Pollard’s filmmaking itself — talking heads, vintage photos, archival footage — isn’t groundbreaking. But there’s stellar material here: newly discovered footage; great anecdotes; and still-enthralling ballgame moments, like Henry Aaron breaking Babe Ruth’s home-run record. You needn’t be a baseball nut to appreciate this movie.

(July 9-10 and July 12 at the Metreon, San Francisco, and AMC Bay Street, Emeryville) 


Short takes

The Lesson”: Though its plot feels somewhat familiar, director Alice Troughton’s noirish drama about a tutor who become mired in the secrets of a grief-damaged British family makes for absorbing entertainment. Richard E. Grant, portraying a famed writer with a cruel streak, is particularly fine. (Opens Friday at area theaters) 

“Revoir Paris”: Numb and confused, a mass-shooting survivor finds clarity and begins her emotional recovery when she starts spending time with fellow survivors in director Alice Winocour’s thoughtful and moving French drama. An exquisitely nuanced Virginie Efira stars. (Opens Friday at Smith Rafael Film Center) 

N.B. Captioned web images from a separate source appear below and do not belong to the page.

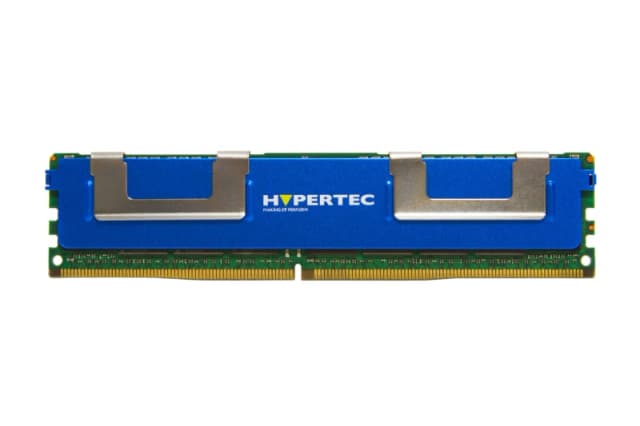 Hypertec 44T1482-HY (Legacy) memory module 2 GB 1 x 2 GB DDR3 1333 MHz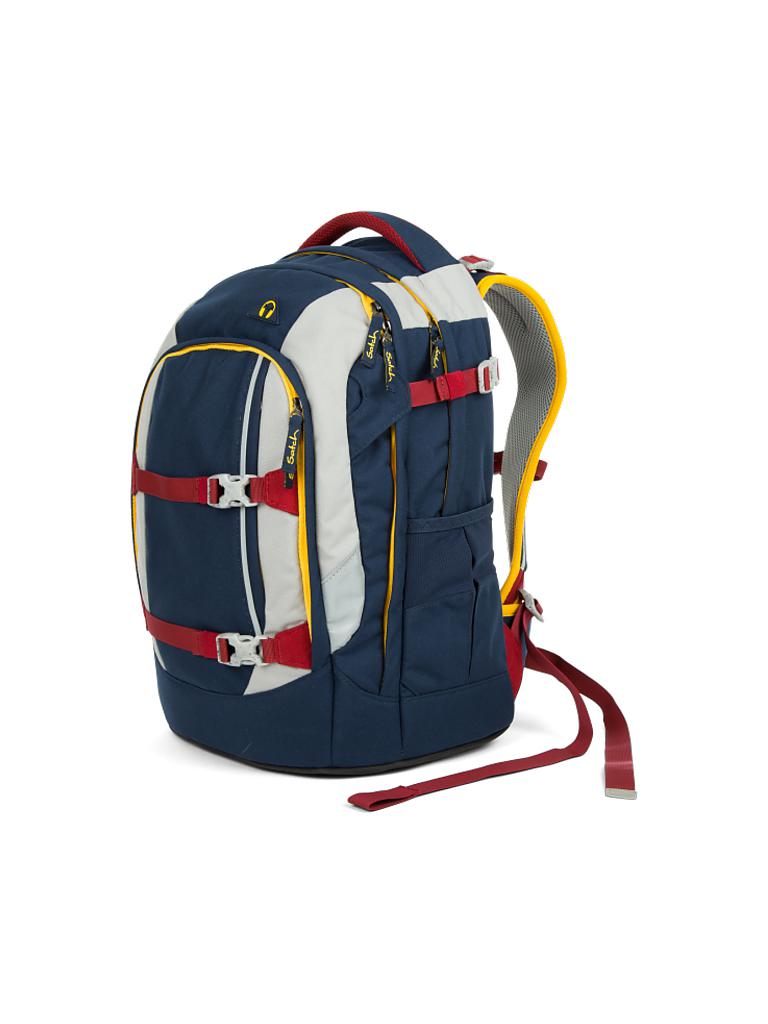 SATCH | Schulrucksack "Satch Pack - Flash Hopper" | keine Farbe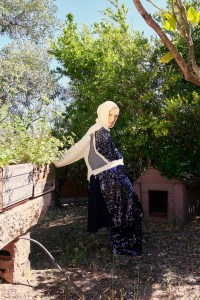 Antonio Marras Resort 2023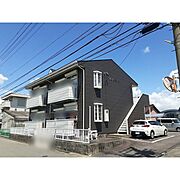 中川原駅より徒歩10分 1階 築35年4ヶ月の賃貸物件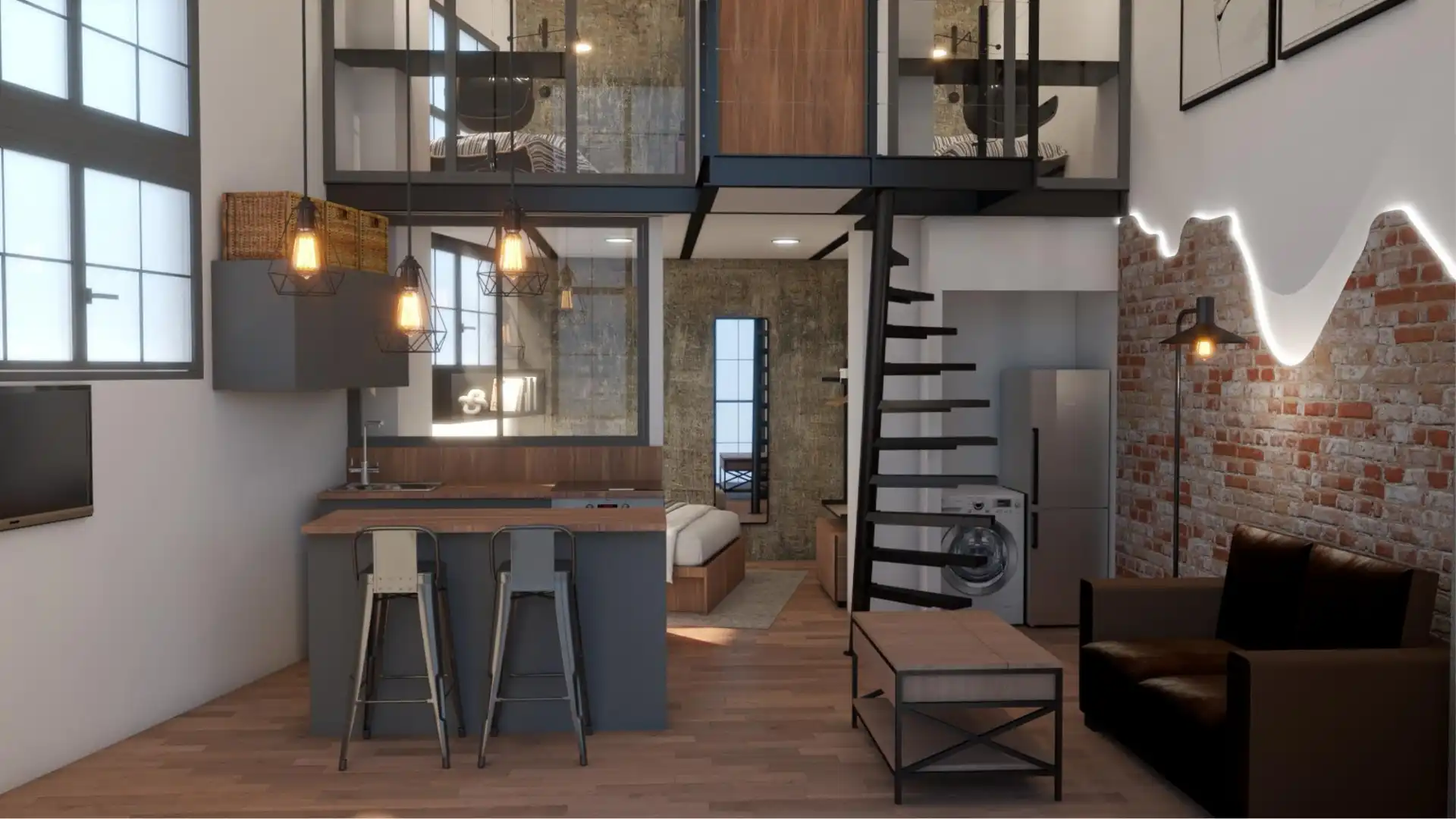 Apartamento en venta en Sur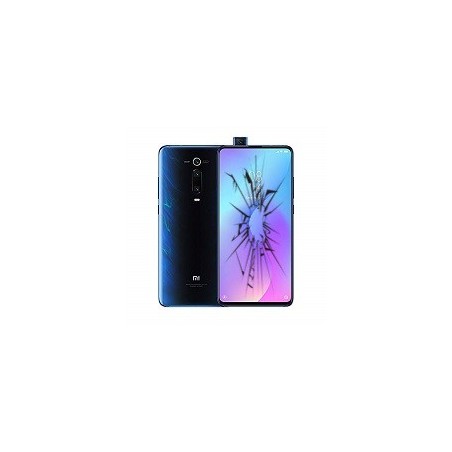 Réparation écran cassé Xiaomi Mi 9T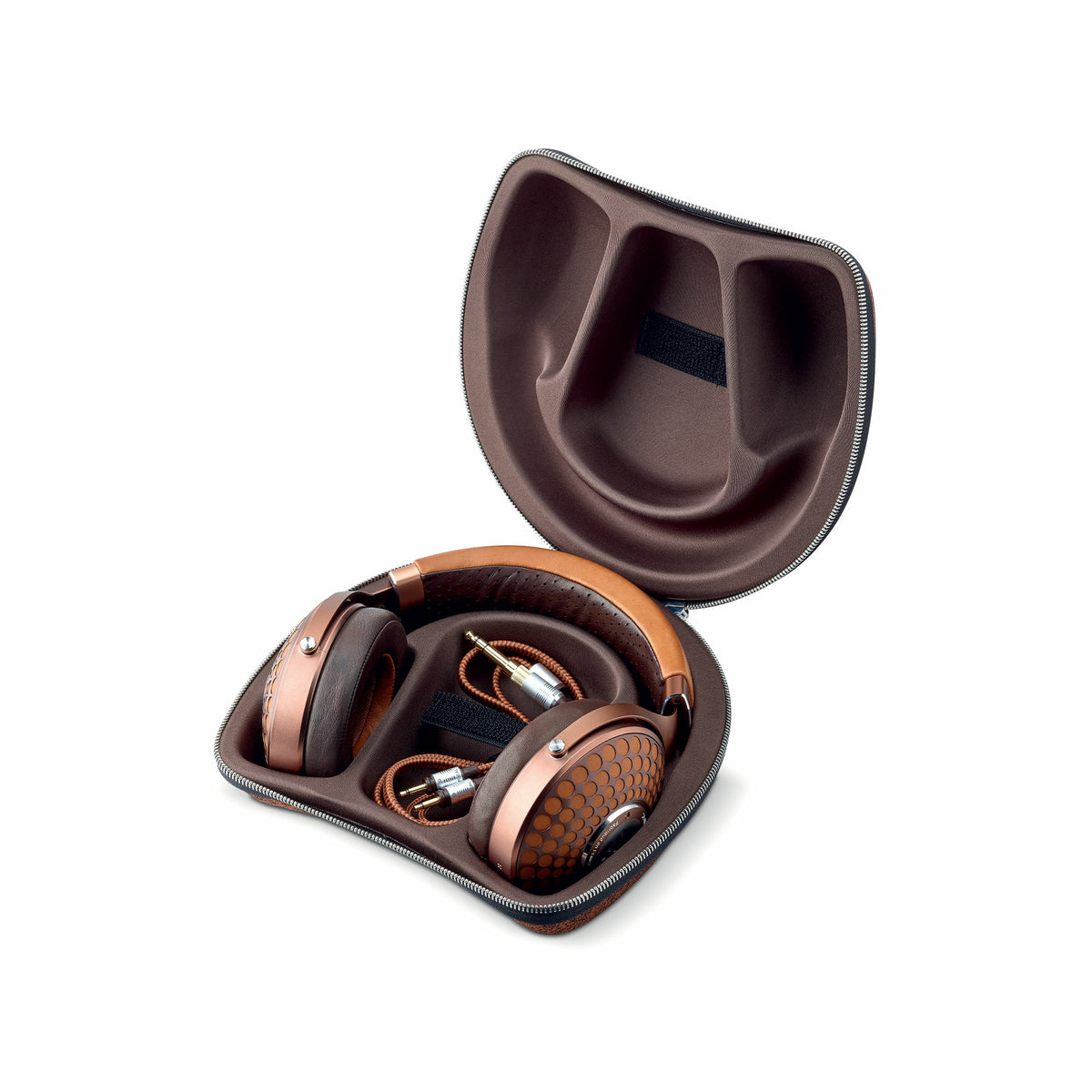 Focal Stellia Premium closed-back headphones
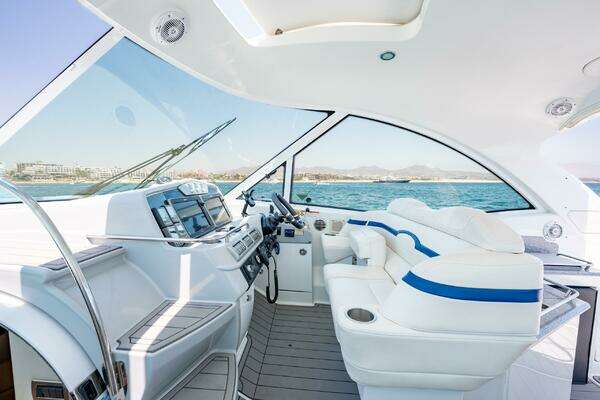 Formula 45 Yacht Yacht For Sale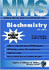 Biochemistry (Book With Cd-Rom)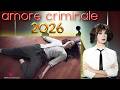 Amore Criminale 2026 Un Matrimonio Sanguinoso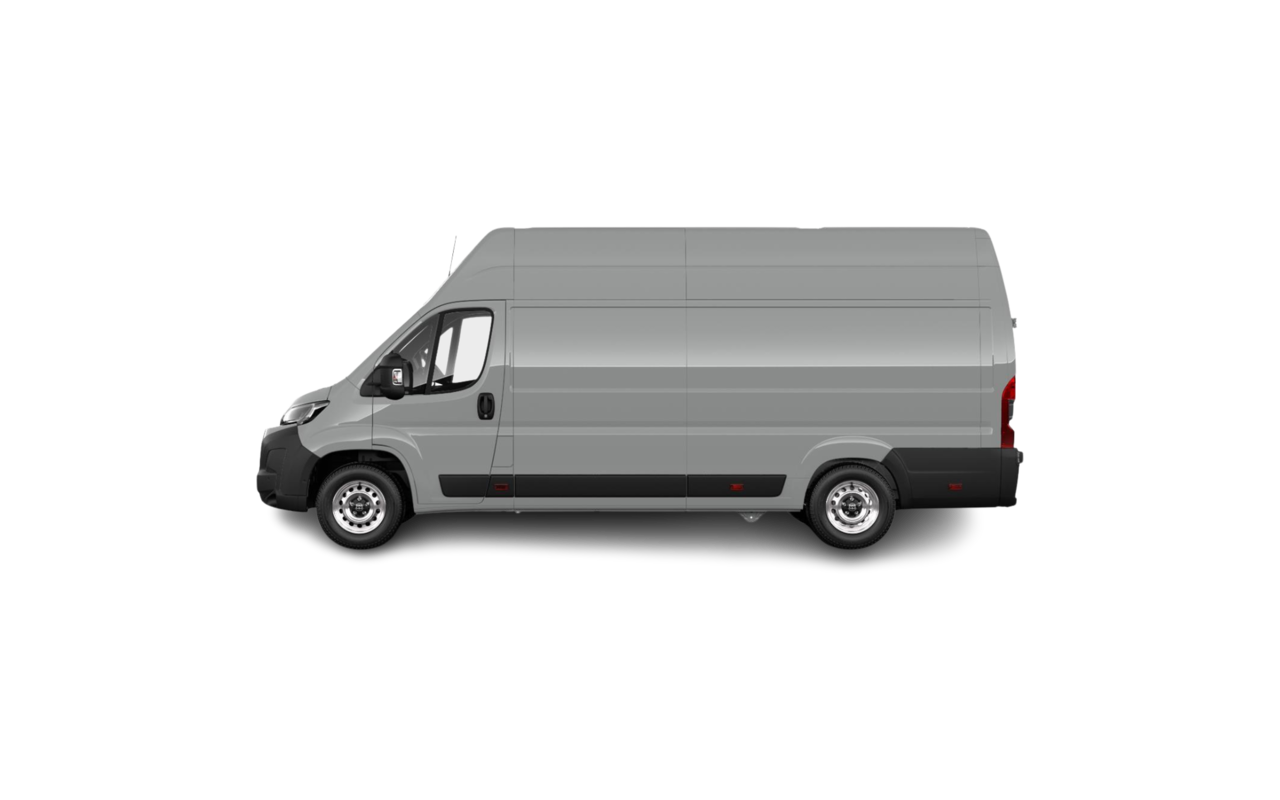 TOYOTA Proace Max Furgon Active L4H3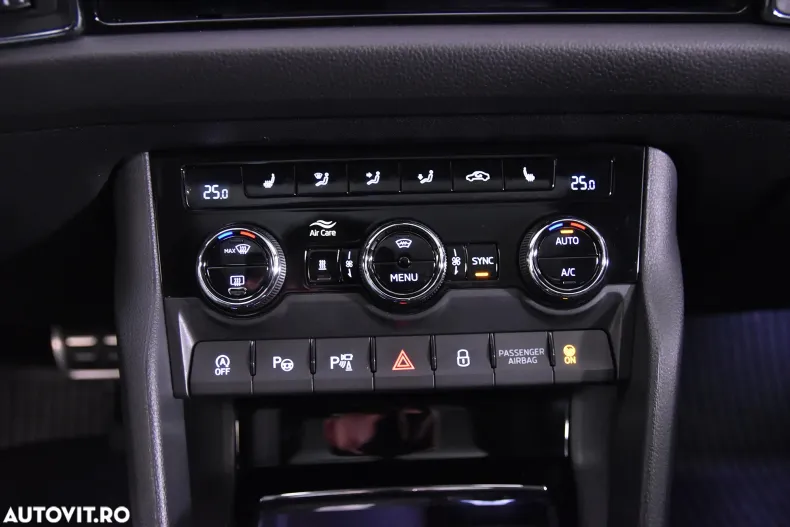 Skoda Kodiaq din 2020 cu 98.176 km - oferta SKO134929 - foto 17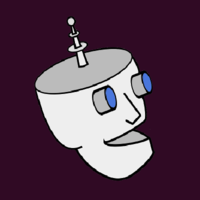Logo ChatterBot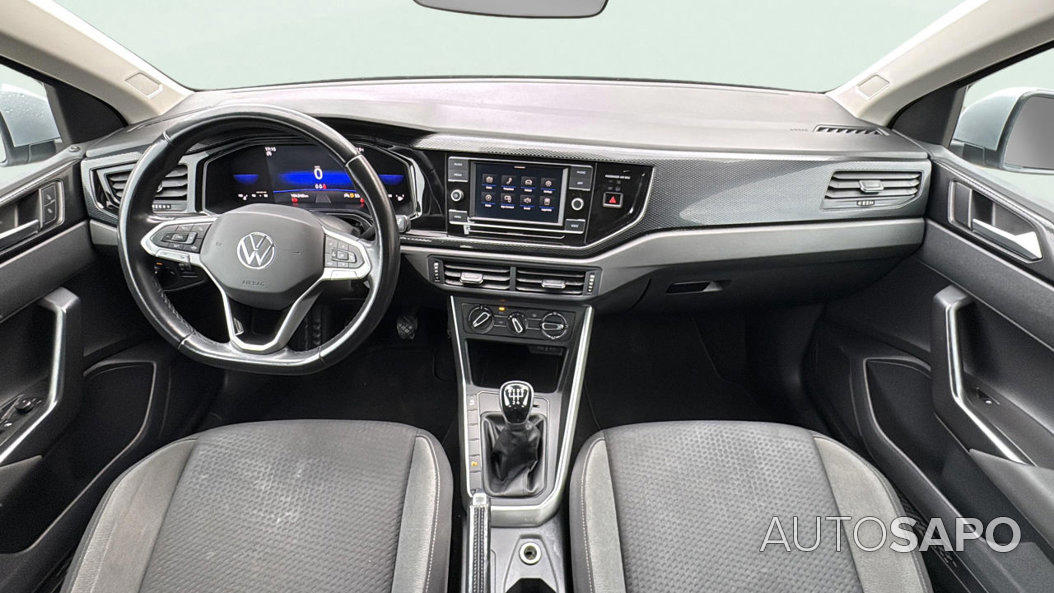 Volkswagen Polo de 2022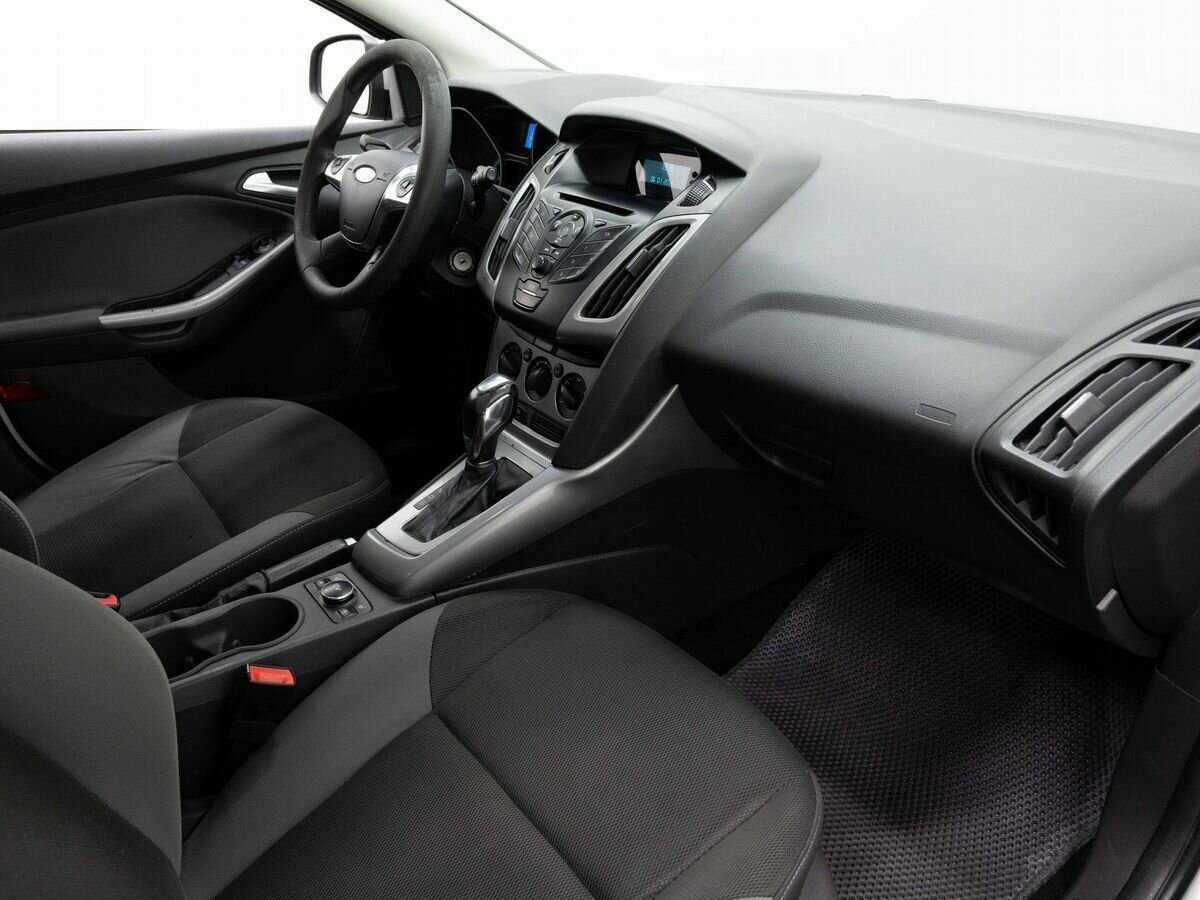 Купить Ford Focus, 2013, 148 057 км, фото №12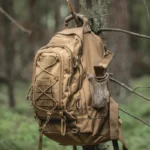 LQARMY 65L Tactical Outdoor Backpack – Large Capacity Hiking, Camping & Military Rucksack for Men - Image 2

“Scarlet”: A young woman and her devoted father anchor this genre-fluid tale directed by Pietro Marcello and set in post–World War I France. Narratively and tonally, the movie is all over the map. But its unpredictability impresses, sometimes wondrously. (Opens Friday at Opera Plaza Cinema, San Francisco, and Smith Rafael Film Center) 

“Once Upon a Time in Uganda”: A Ugandan brick maker and a New York movie fanatic join forces to make 1980s-style action flicks in Cathryne Czubek’s entertaining and spirited documentary. (Opens Friday at Alamo Drafthouse, San Francisco) 

“The YouTube Effect”: Covering everything from cat videos to algorithms, this sometimes-cautionary documentary examines the world of YouTube and the information site’s immense success and influence. Filmmaker Alex Winter supplies no revelations, but he presents his subject comprehensively and engagingly. (Opens Friday at Alamo Drafthouse, San Francisco).